Merhabağğğlar Bursist'leriim💗 Nasılsınız bakalııım? Nasıl geçiyor tatiller? Umarım çok keyifli geçiyordur. Ah umarım Çağan'ı özlemişsinizdir çünkü bu bölümde bol bol o olacak. Bu bölümle beraber söylemek istediğim bir şey daha var. Bu bölüm benim için her bölümden daha özel olacak çünkü bunu yazarken ben hem güldüm hem eğlendim hem de duygulandım. Umarım size de aynı şeyler geçer, güzelliklerim. Şimdi tamam konuşmamı sona saklayarak sizi çok sevdiğimi söylemek istiyorum. Bu özel bölüme yakışacak kadar çok yorum istiyorum sizden. Lütfen, çok yorum yapın❣️ iyi okumalaaar🌷💃🏻

Multi: Dağhan

Bölüm Şarkısı: Rita Ora- Anywhere

👪

Düşünceler...

İyi düşünceler...kötü düşünceler. Hepsi birbirine karışıyordu.

Sesler...

İyi sesler, kötü sesler...sessizlik. Hepsi sessizliğin içinde bütünlük bulup düşüncelere yansıyordu.

Başımda bir zonklama hissediyordum. Sanki birisi eline bir çekiç alıp, başıma sertçe vuruyordu. Düşünemiyordum. Düşünemiyordum çünkü düşüncelerim hem imkansız hem bir o kadar da olabilir geliyordu.

Uzun bir sessizlik sonunda, kendimde 'Ne istiyorsun?'' diyebilecek kadar cesaret bulmuştum. Ama biliyordum ki, cesaretim bu kadardı. Korkuyordum.

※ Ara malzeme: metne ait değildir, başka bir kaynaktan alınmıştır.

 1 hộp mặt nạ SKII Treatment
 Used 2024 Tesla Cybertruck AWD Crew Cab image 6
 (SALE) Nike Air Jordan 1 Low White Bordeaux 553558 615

Babamdan sonra annemi kaybetmekten deli gibi korkuyordum.

Babamın acısını daha yenememişken, annemin acısını da hissetmekten korkuyordum.

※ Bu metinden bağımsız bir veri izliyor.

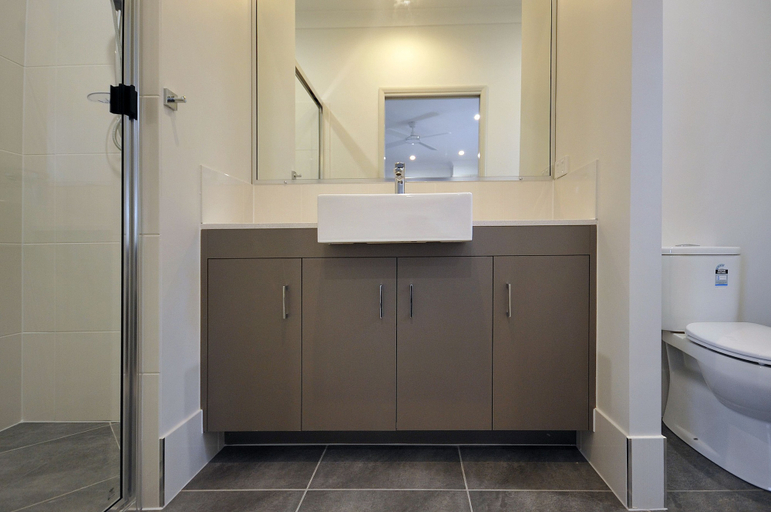 Bathroom 4, Northpoint Motel, Toowoomba - North-West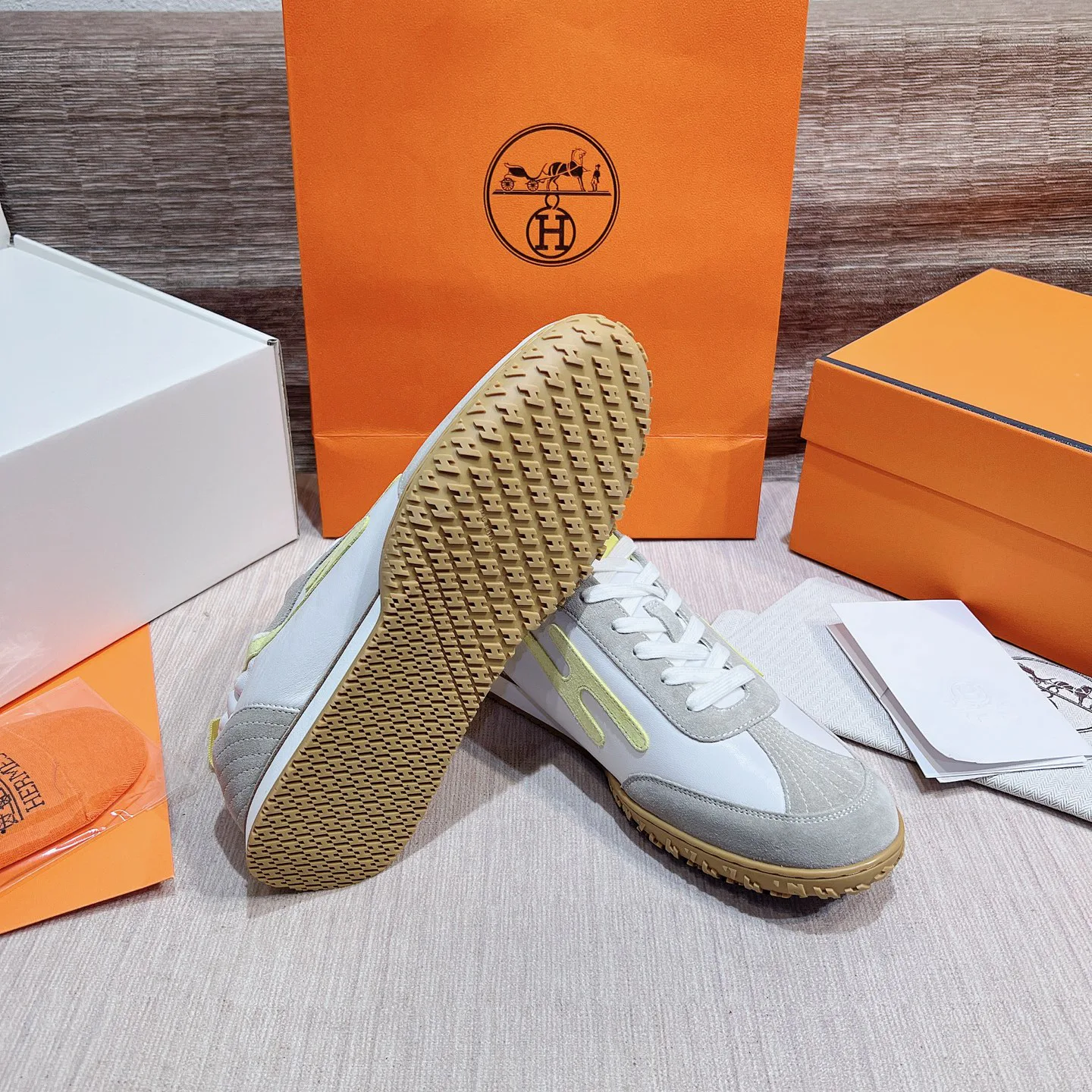 Кроссовки Женские Hermes 17749541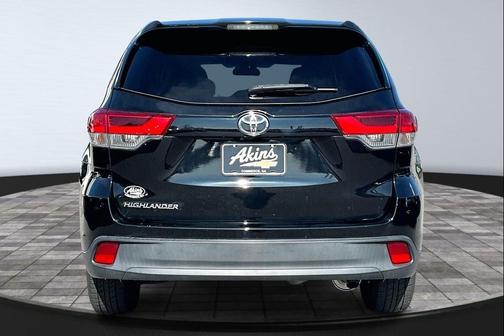 2018 Toyota Highlander LE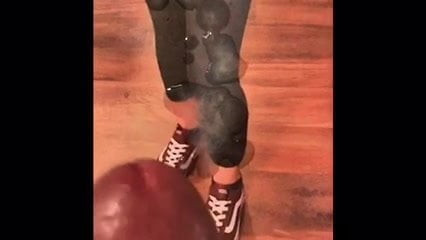 Leggings cum tribute blonde sneakers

"Seni...seni istiyorum, Taşer."

Gözlerimden akan yaşlar, beni yavaşlatıyordu.

"Neredesiniz, istediğin bensem geliyorum." fısıldayarak dediğimde, "Adresi sana atıyorum, sevgilim. Sakın bundan maymun eski kocana bahsetme." demiş ve telefonu kapatmıştı. Arabamın anahtarına uzandığım sırada, kapının çalmasıyla göz yaşlarımı silmiş, yüzümü birkaç kez yıkamış ve iyi göründüğümü düşünerek kapıyı açmaya gitmiştim.

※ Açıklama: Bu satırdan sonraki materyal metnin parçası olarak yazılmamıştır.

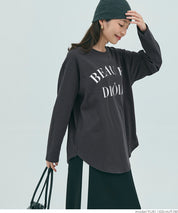 Tail cut assorted logo long sleeve top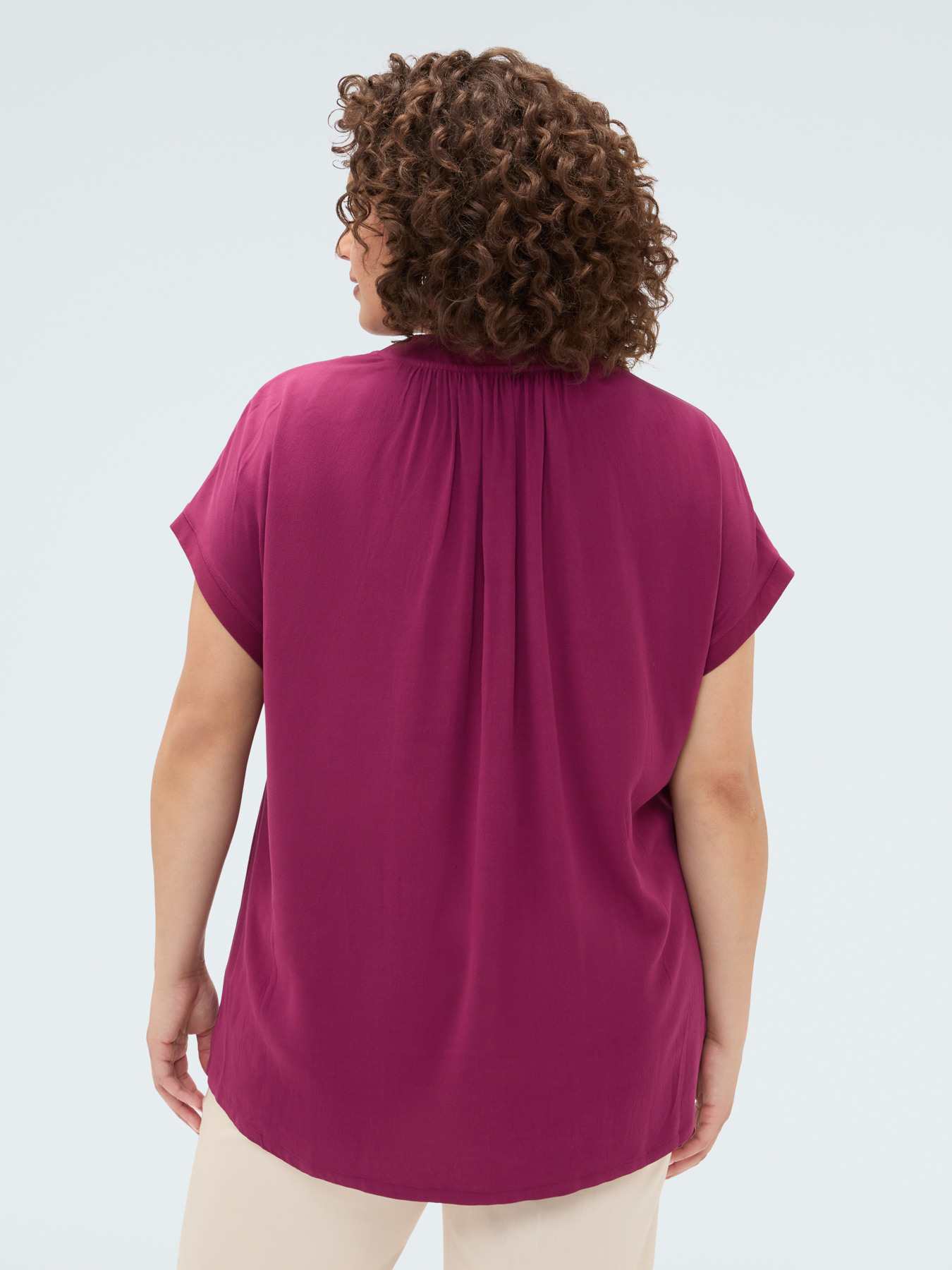 Zweifarbiges T-Shirt mit Schmetterlingen aus Pailletten image number 1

Dağhan'ın bir şeyden haberdar olmasını ilk defa istememiştim. Kapıyı açtığımda gülümseyerek elindeki poşetleri sallamış ve beni kendine çekerek sıkıca sarılmıştı.

Ah, Dumaner...

Kokusu bile beni öldürmeye yeten, güzel gözlü, dağınık saçlı adam...

"Elimde, hem meyveli hem çikolatalı pasta var! Hem de sana bir torba dolusu da erik aldım."

Ondan ayrıldığımda, poşetleri kenara koyup, "Bir sorun mu var?" demişti.

Başımı olumsuz anlamda salladıktan sonra karnıma giren küçük sancıyla, yüzümü buruşturmuştum.

Dağhan, endişeli bir şekilde "Miray?" dediğinde, nefes alıp vermiştim.

"İyiyim, iyiyim."

Dağhan, elini karnıma koyup beni içeri götürmüş ve koltuğa oturtmuştu. O sırada karnıma giren yeni bir sancıyla resmen belim bükülmüştü.

"Dağhan..."

Dağhan, benden daha telaşıydı. Cebinden telefonunu çıkartıp, birini seçmiş ve telefonu kulağına götürmüştü.

"Şey...sanırım Miray'ın sancısı geldi. Endişenlenmeli miyiz?"

Bana baktığında, iyi gibi görünmeye çalışıyordum ama gerçekten karnımda bir şeyler oluyordu. Bir bardak su içmeliydim. Dağhan doktorla konuşurken ayağa kalkıp mutfağa doğru yürümüştüm ama bir anda alttan su gibi akan şey ile duraksamıştım.